● **What you have to do**: From first line to last, transcribe the listing exactly and skip any image.

● **Collected material**:
++++++

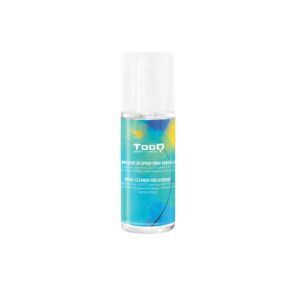 Kit spray detergente per schermi Tooq + panno in microfibra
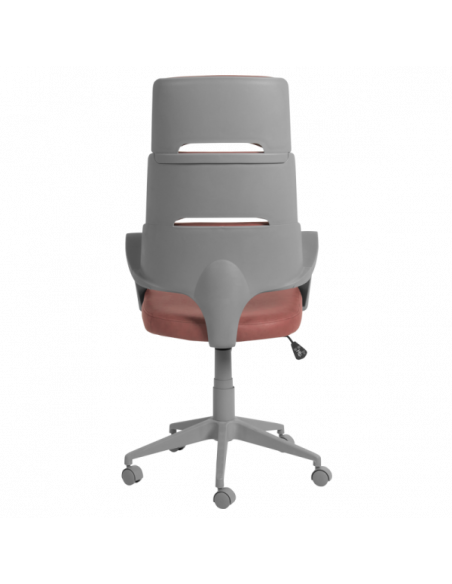 Президентски офис стол Carmen 7521 - бордо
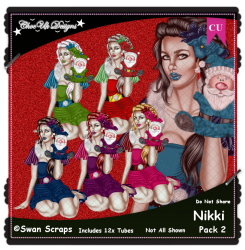 Nikki CU/PU Pack 2 Nikki CU/PU Pack 2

++++++

● **Exercise answer**:
 Kit spray detergente per schermi Tooq + panno in microfibra
 Президентски офис стол Carmen 7521 - бордо
 Nikki CU/PU Pack 2 Nikki CU/PU Pack 2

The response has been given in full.